Daylight savings time in Manitoba is here to stay, despite efforts to scrap it.
In January of this year, former PC MLA Cliff Graydon put forward a private member’s bill to try and make Manitoba follow standard time permanently.
Graydon says he proposed the bill because of some concerning research results.
“The big reason was the health issues that people go through when it changes in the spring and in the fall, it really affects a lot of people in a negative fashion,” said Graydon. “Some of those negative impacts end up costing people’s lives.”
Graydon cited a report from a report by MPI that stated that the number of collisions increases after the clocks jump ahead in the spring.
Graydon is not the only politician to try and scrap daylight savings time, the B.C. legislature has introduced a measure to end seasonal time changes.
B.C.’s proposed bill would shift the province to permanent daylight savings time, which it would rename “Pacific Time”.
The argument against seasonal time change is nothing new, and Graydon thinks it will be an issue that will be argued worldwide.

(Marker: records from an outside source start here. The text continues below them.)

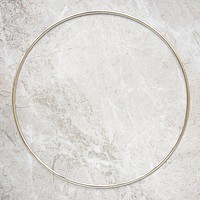 Round gold frame on beige marble background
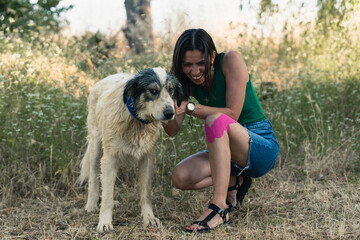 Funny moment between dog and owner while brushing it in a field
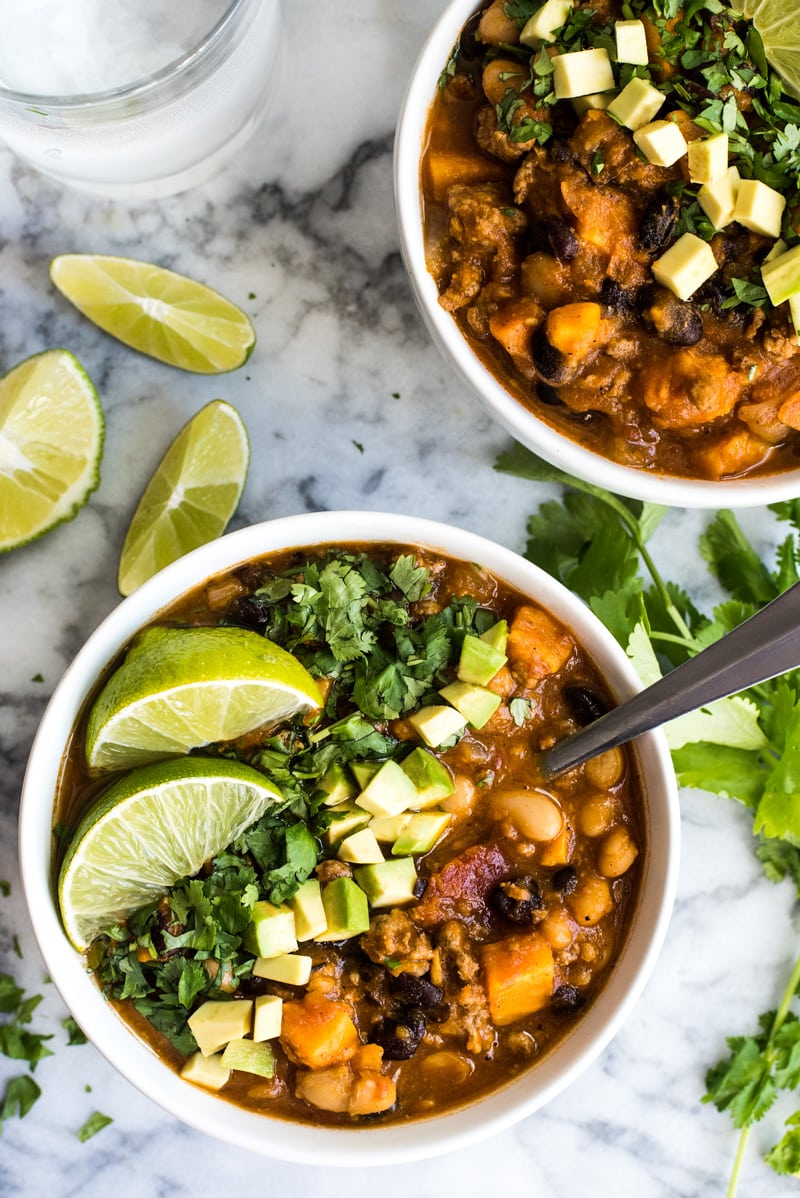 Turkey Chili made with pumpkin in a white bowl on a marble table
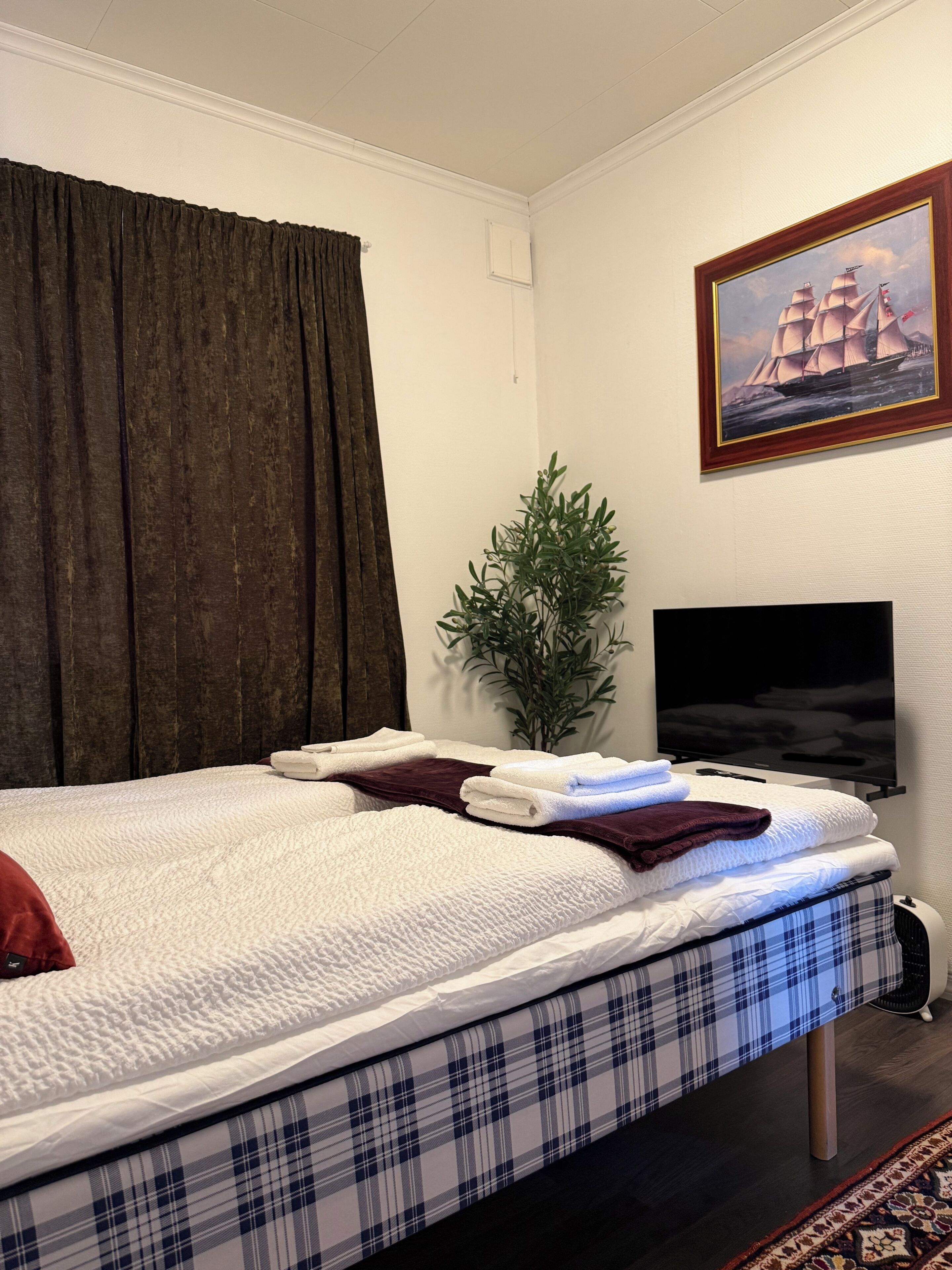 Ein Hotelzimmer mit einem Bett, einem Fernseher, einem Gemälde und einer Pflanze.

“It is something that’s happening all over the world, (countries) are going to stay on standard time,” said Graydon. “The European Union is one of the places, a number of states in the United States have areas that don’t change or they don’t change.
The former MLA says that governments should hold referendums and let the people voice their opinions on the time changes, and make their decisions based on that.
We will have to wait and see if Manitoba scraps the time change, but for now, clocks in the province will continue to jump forward in the spring and fall back in the fall.